By The Bakken Magazine Staff | January 16, 2015

The season for announcing 2015 budget and operations plans is upon us, and although a handful of exploration and production firms linked to the Bakken have offered some form of guidance, many have said 2015 announcements will not come until the end of the first quarter. Marathon Oil and Whiting Petroleum, both major Bakken players, have said they will wait to offer 2015 guidance. Others however, have already given a snapshot of how the low crude price environment will impact operations and spending this year.

ConocoPhillips will spend $13.5 billion this year, a decrease of roughly 20 percent from 2014. The oil majors focus on unconventional resources will continue to target the Eagle Ford and Bakken, with spending reaching roughly $6.5 billion. Of the company’s total 2015 budget not set for unconventionals, $1.9 billion will be spent on base maintenance and corporate expenditures, $4.8 billion on sanctioned projects in Australia, Alaska, Europe and Malaysia, and $1.8 billion toward exploration and production appraisal programs. The decrease in spending was due, in part to the absence of investment needed for projects set for completion, along with low crude prices.

QEP Resources has said it will focus on four major shale basins in 2015, including the Williston Basin, Permian Basin, Pinedale and Uinta basins. Richard Doleshak, executive vice president and chief financial officer for QEP, told investors at the end of 2014 that the firm has a good story to tell in spite of $60 crude oil.

Continental Resources has already offered its 2015 budget plans. Despite a budget reduction revision issued at the end of the year, Continental Resources will invest roughly $1.5 billion in its Bakken operations for the year. Intially, the company intended to invest $2.5 billion for the year. Continental will also run 11 rigs in its core acreage as opposed to its original plan to run 19 rigs throughout its Williston Basin acreage. The reason for its 2015 budget decrease is also directly linked to low crude prices.

No shale player has offered a more poignant update and perspective on the low crude price environment to its 2015 plans than Oasis Petroleum CEO Thomas Nusz. During a December investor presentation, Nusz addressed several topics related to low crude prices and Bakken oil production in 2015.

This year, the Williston Basin pure play exploration and production firm will focus on its held acreage in areas with the highest estimated ultimate recovery (EUR) totals. The 2015 focus areas will receive the majority of Oasis’ attention due to the present and scalable infrastructure, along with the ability of the team to perform high-intensity completions and optimize full field development strategies.

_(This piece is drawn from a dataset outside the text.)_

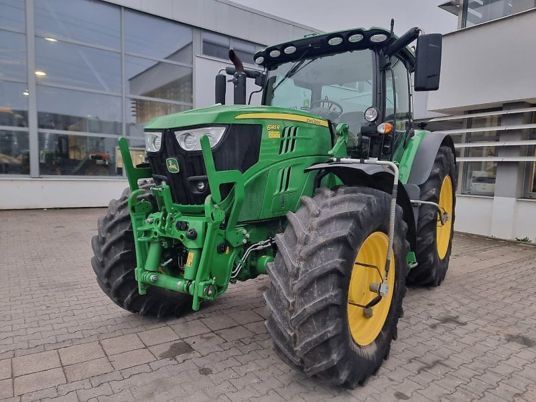 John Deere 6145R 6145 R mit Konsolen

“We are in a new environment today in comparison to what we have been in during the last 12 months,” Nusz said. The current environment has caused Oasis to reduce its budget to a range of $750 million to $850 million. The company intends to run a 10-rig program instead of its current 16-plus rig operation.

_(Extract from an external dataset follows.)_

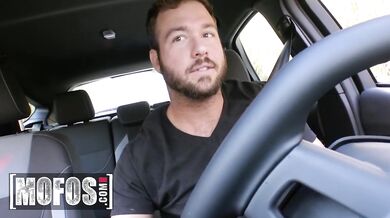 Haley Reed v kostýme pani Clausovej poriadne vytočila Chada svojím provokatívnym telom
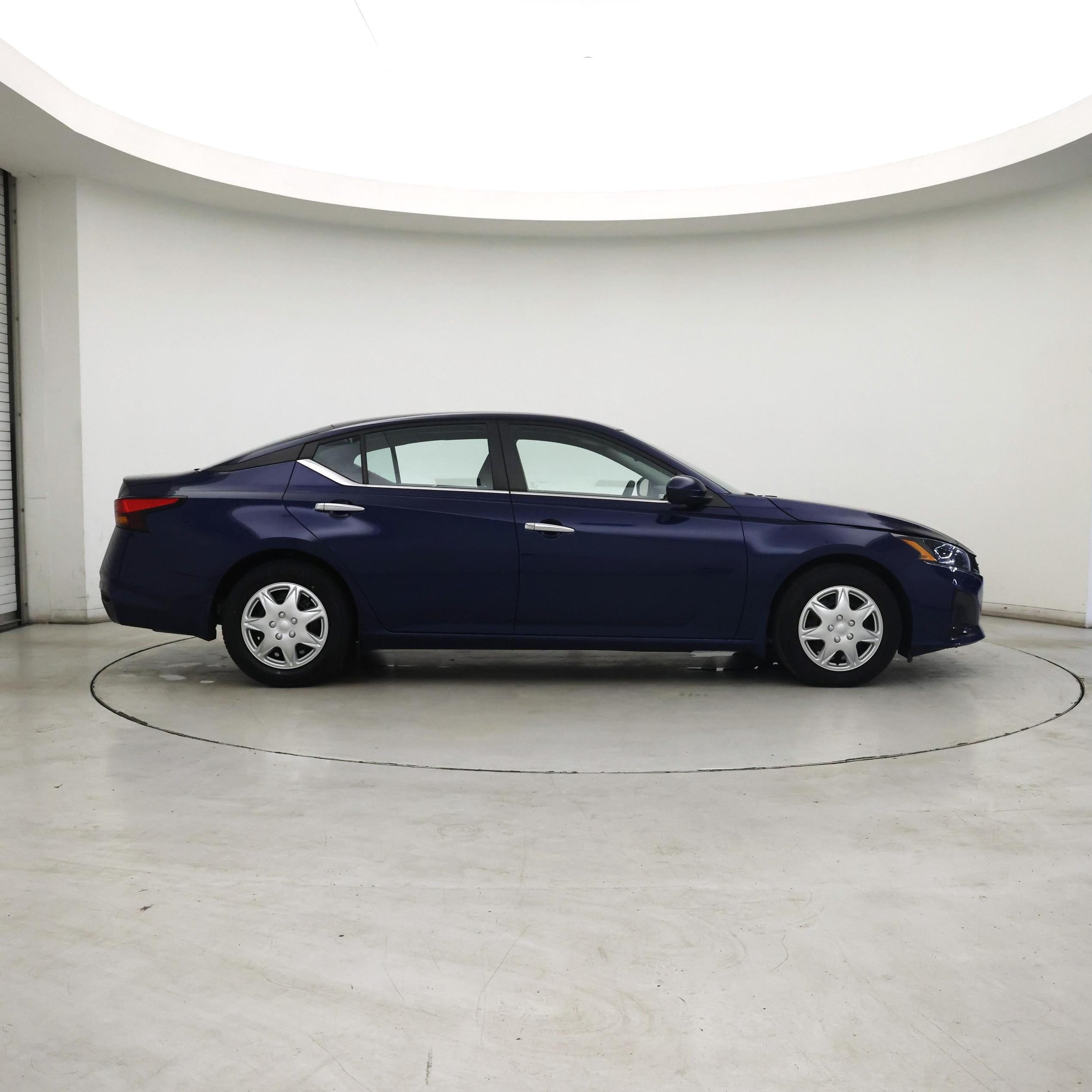 Thumbnail: 2023 Nissan Altima - 7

Oasis will also move to its “backyard,” a term Nusz used to describe the acreage that it understands the most. That acreage will be its Indian Hills and South Cottonwood areas. Although the company is reorganizing in a specific area, Nusz added that it could still drill and complete economic wells in nearly any part of its operations. The 2015 focus area has an eight-year inventory.

Slickwater fracking, an approach Oasis and many other Bakken operators have adopted for a vast majority of wells, will cause the company to hold off on completions requiring the practice during the early winter months. The need to heat water in the winter months makes slickwater fracks more efficient and cost-effective in the summer months, he said.

The tighter focus on Indian Hills and South Cottonwood means that Oasis, like many other operators planning to focus on specific acreage blocks, can now turn its attention to infrastructure upgrades and much-needed maintenance upgrades. The low-price environment, “gives you a great opportunity to go back and optimize all of the base infrastructure that may not have gotten as much opportunity the past few years as we ramped up,” he said.